Bolondo Plantain And Black Bean Empanadas
Empanadas are a popular dish in Equatorial Guinea, and this recipe for Bolondo Plantain and Black Bean Empanadas is a delicious and savory option for a snack or meal. The combination of sweet bolondo plantains and hearty black beans wrapped in a crispy pastry makes for a delightful treat.
Ingredients
- 2 ripe bolondo plantains, peeled and diced
- 1 cup cooked black beans
- 1 onion, finely chopped
- 2 garlic cloves, minced
- 1 teaspoon ground cumin
- 1 teaspoon paprika
- Salt and pepper to taste
- 12 empanada pastry discs
- Oil for frying
Instructions
- In a skillet, heat some oil over medium heat. Add the chopped onion and minced garlic, and sauté until the onion is translucent.

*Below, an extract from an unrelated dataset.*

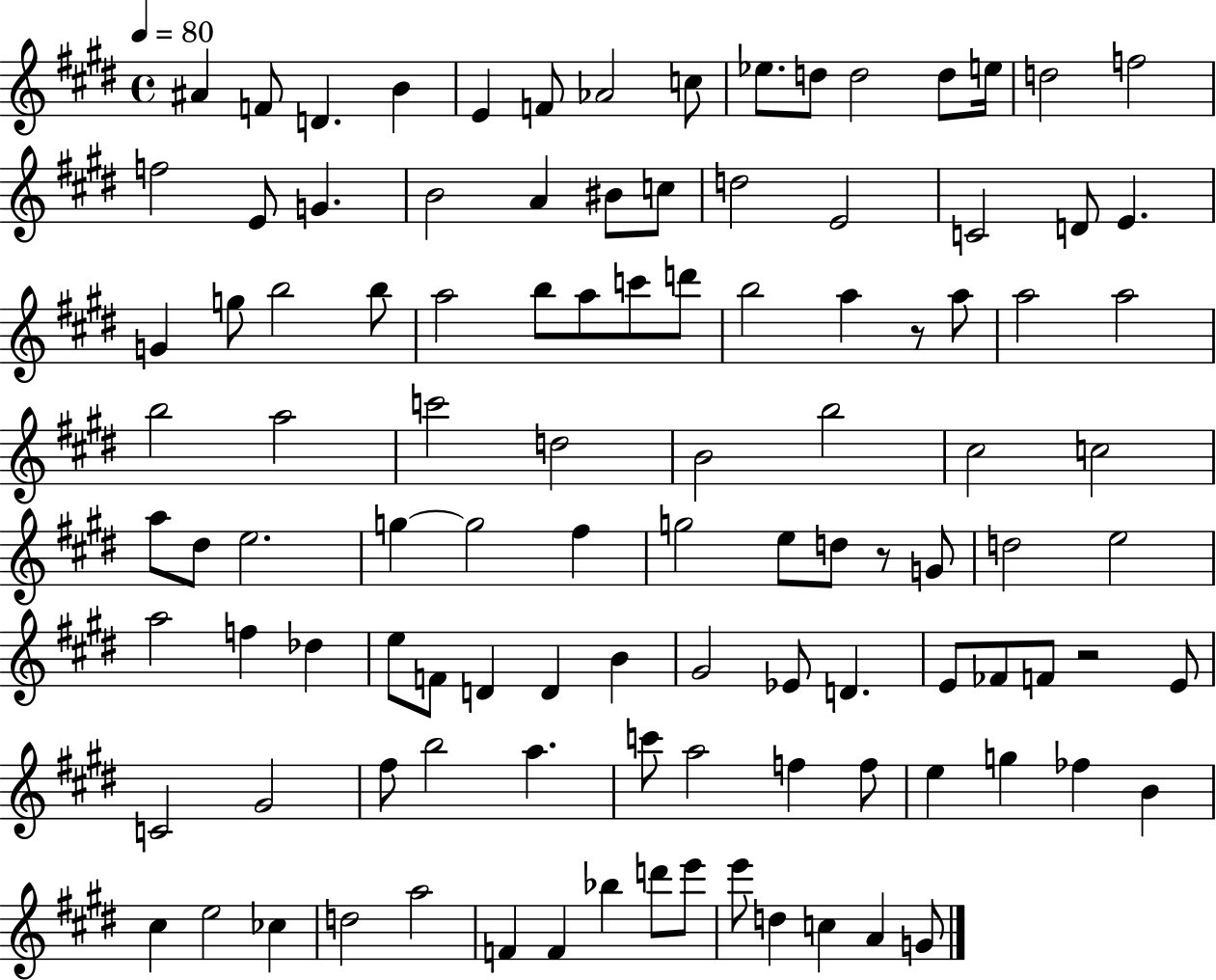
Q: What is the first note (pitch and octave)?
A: A#4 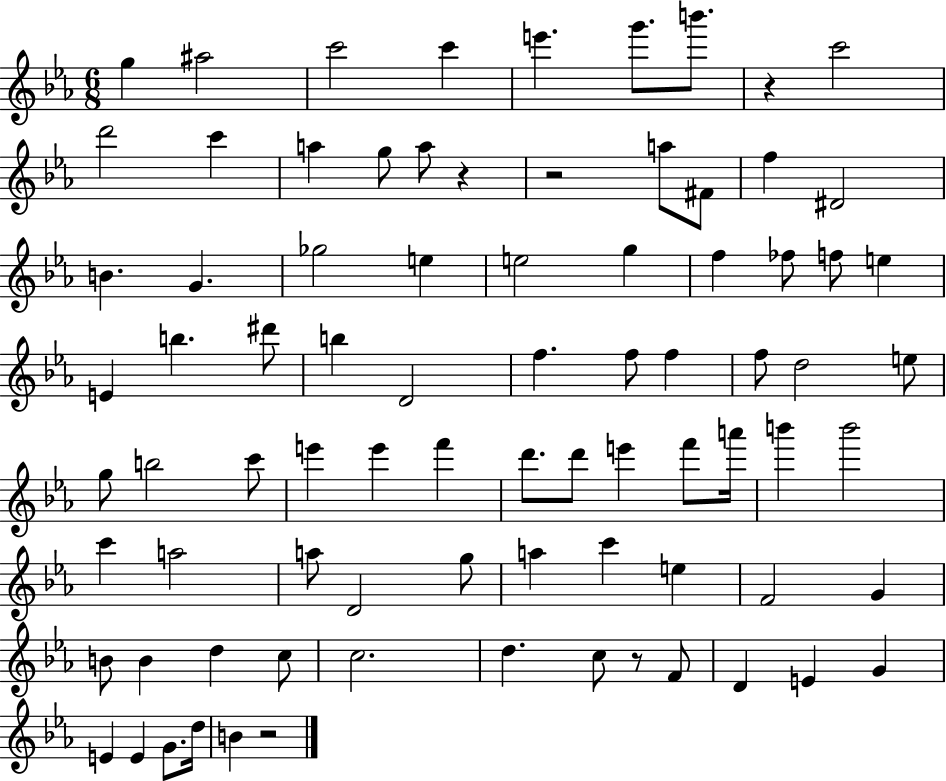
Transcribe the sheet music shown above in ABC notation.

- Add the diced bolondo plantains to the skillet and cook until they are soft and slightly caramelized.
- Stir in the cooked black beans, ground cumin, paprika, salt, and pepper. Cook for an additional 2-3 minutes, then remove from heat and let the filling cool.

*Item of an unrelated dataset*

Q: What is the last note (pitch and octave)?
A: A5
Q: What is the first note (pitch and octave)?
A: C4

- Place a spoonful of the plantain and black bean filling in the center of each empanada pastry disc. Fold the pastry over the filling to create a half-moon shape, then press the edges together to seal.
- In a separate skillet, heat oil for frying over medium-high heat. Fry the empanadas in batches until golden brown and crispy on both sides.

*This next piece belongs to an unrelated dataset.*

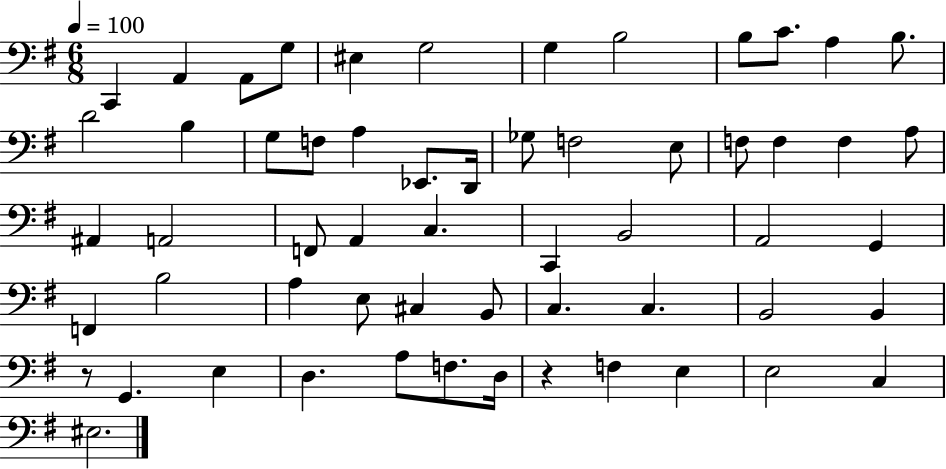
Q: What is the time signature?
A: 6/8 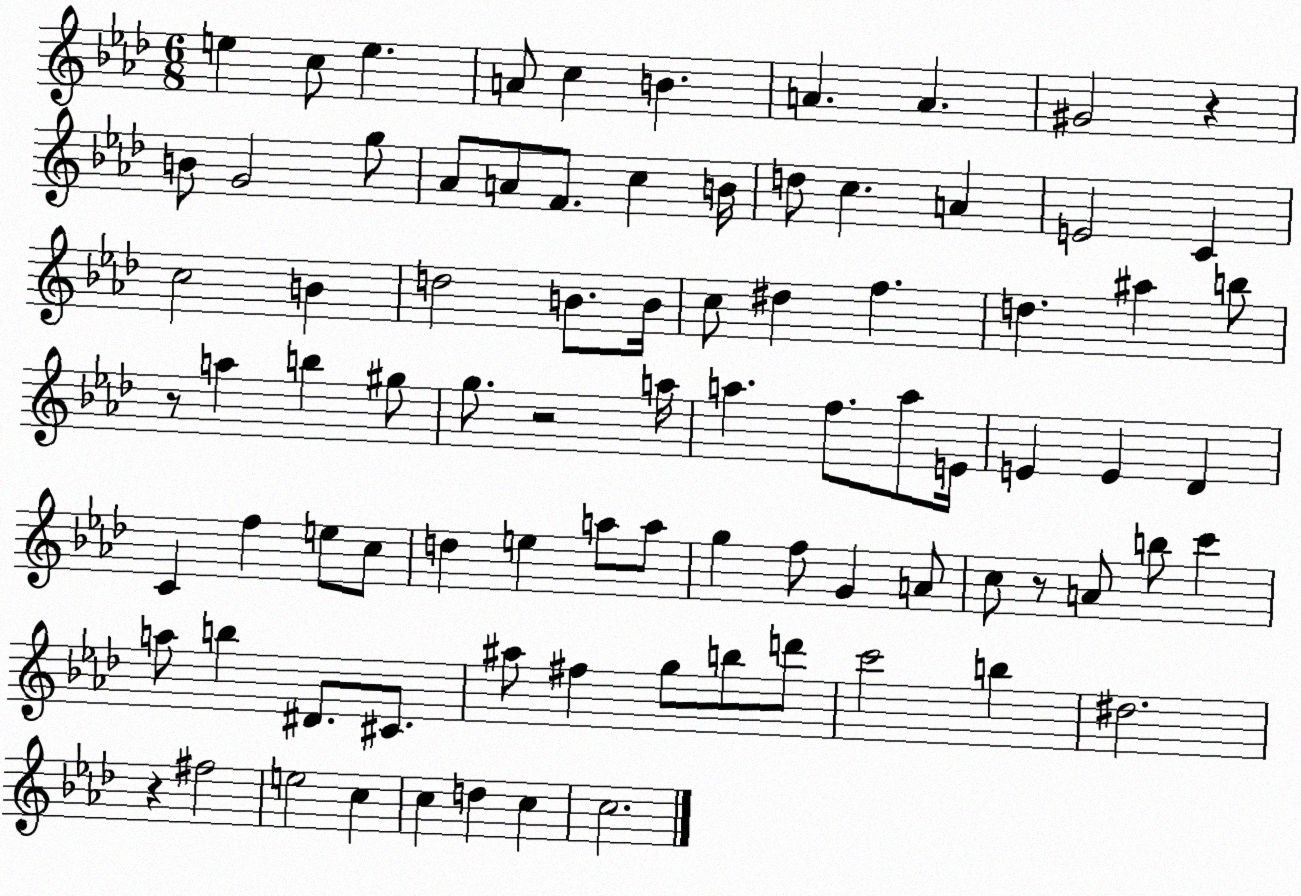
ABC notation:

- Remove the empanadas from the skillet and place them on a paper towel to drain any excess oil.
- Serve the Bolondo Plantain and Black Bean Empanadas hot and enjoy!
Cooking & Preparation
- Preparation time:
- 30 minutes
- Cooking time:
- 20 minutes
- Total time:
- 50 minutes
- Cooking method
- Stovetop
Nutritional facts per 1 serving
- Calories
- 250 per serving
- Protein
- 6g
- Carbohydrates
- 35g
- Fat
- 10g
Supplies
Skillet Spatula Frying pan Paper towels
Tools
Knife Cutting board Spoon
Serving suggestions
Serve the Bolondo Plantain and Black Bean Empanadas with a side of spicy salsa or a cooling avocado dip for a delicious contrast of flavors.
Tips & tricks
For a time-saving option, you can use store-bought empanada pastry discs instead of making the dough from scratch.